Restate, exactly as written, the entries below from the line that holds "Baby opila birds" through the line that holds "Certified 2024 Mercedes-Benz". Pictures are not part of the copy.

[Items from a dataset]
────

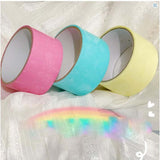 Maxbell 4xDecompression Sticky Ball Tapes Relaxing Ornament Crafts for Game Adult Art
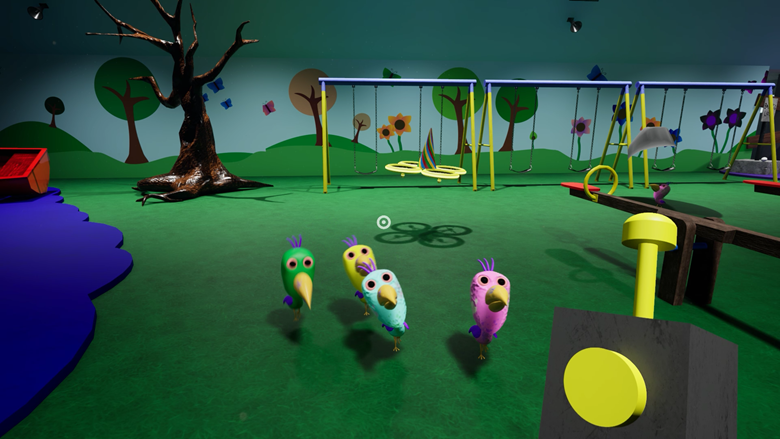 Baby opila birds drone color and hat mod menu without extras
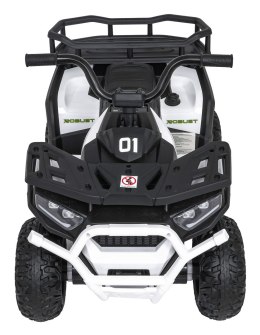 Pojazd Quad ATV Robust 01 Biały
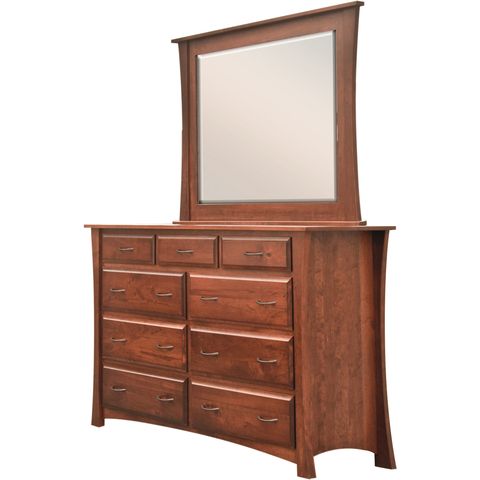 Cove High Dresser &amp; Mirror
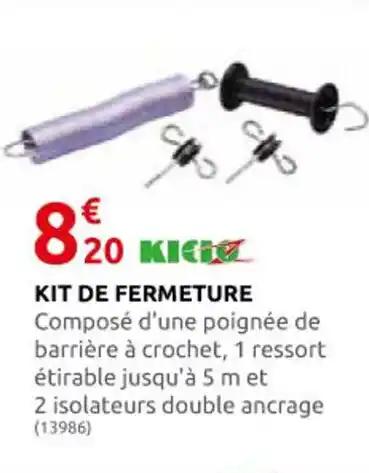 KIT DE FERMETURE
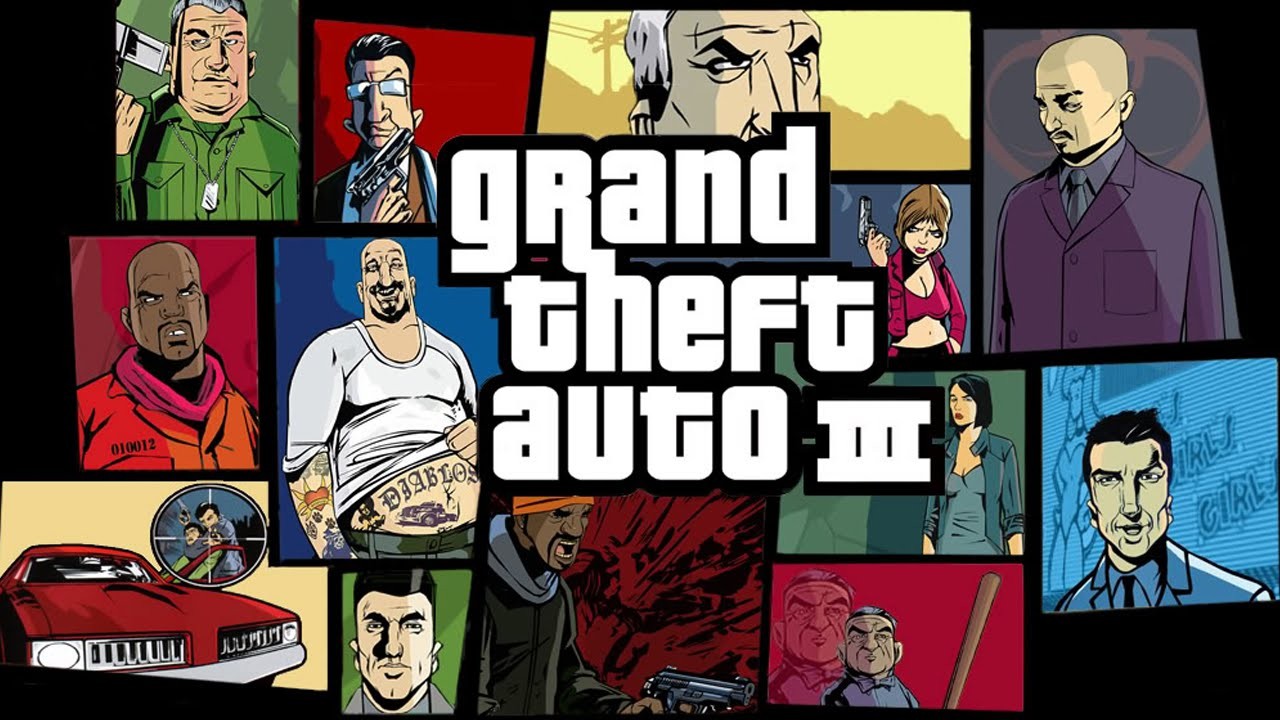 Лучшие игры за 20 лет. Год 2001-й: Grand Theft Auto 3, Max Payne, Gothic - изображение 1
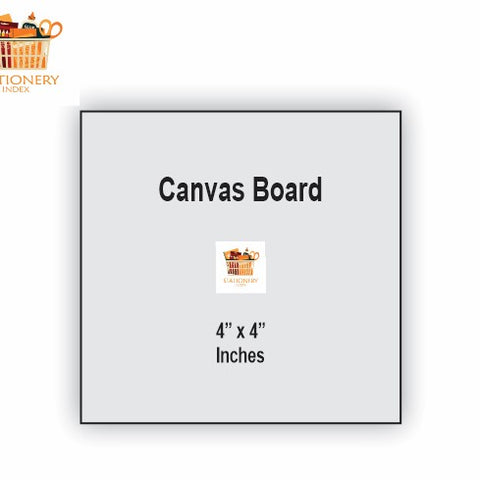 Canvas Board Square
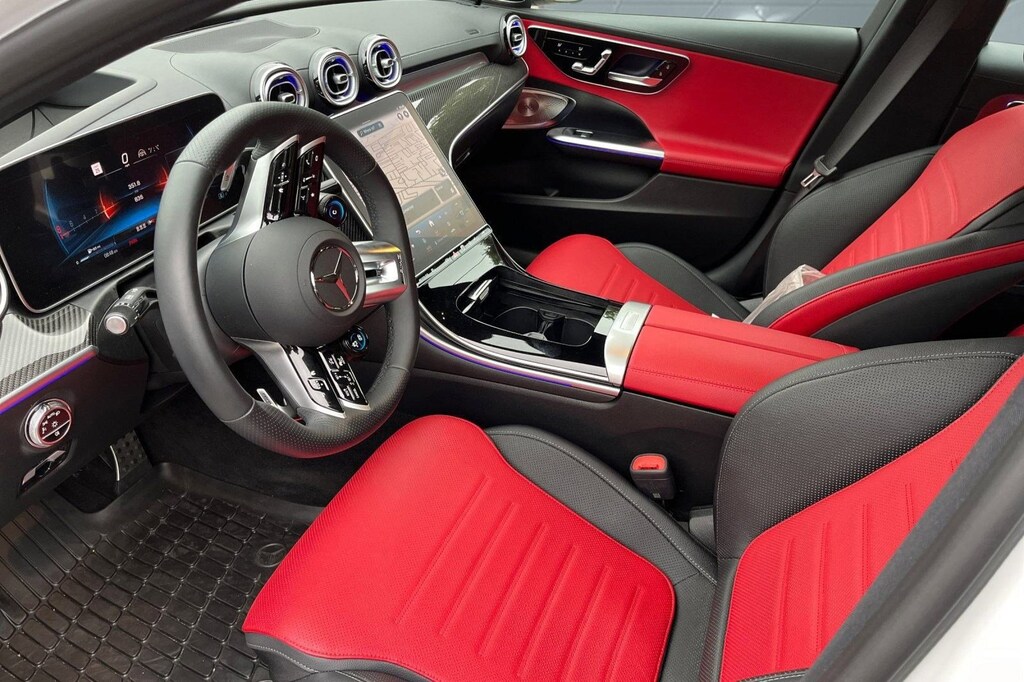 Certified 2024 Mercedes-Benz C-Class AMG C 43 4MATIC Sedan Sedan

────

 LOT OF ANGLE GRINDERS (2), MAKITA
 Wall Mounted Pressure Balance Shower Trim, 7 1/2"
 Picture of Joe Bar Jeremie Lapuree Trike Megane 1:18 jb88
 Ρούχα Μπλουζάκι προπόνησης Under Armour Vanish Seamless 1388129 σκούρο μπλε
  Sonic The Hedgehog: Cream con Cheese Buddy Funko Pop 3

────

-- REPLY TO THE TASK --
 Baby opila birds drone color and hat mod menu without extras
 Pojazd Quad ATV Robust 01 Biały
 Cove High Dresser &amp; Mirror
 KIT DE FERMETURE
 Лучшие игры за 20 лет. Год 2001-й: Grand Theft Auto 3, Max Payne, Gothic - изображение 1
 Canvas Board Square
 Certified 2024 Mercedes-Benz C-Class AMG C 43 4MATIC Sedan Sedan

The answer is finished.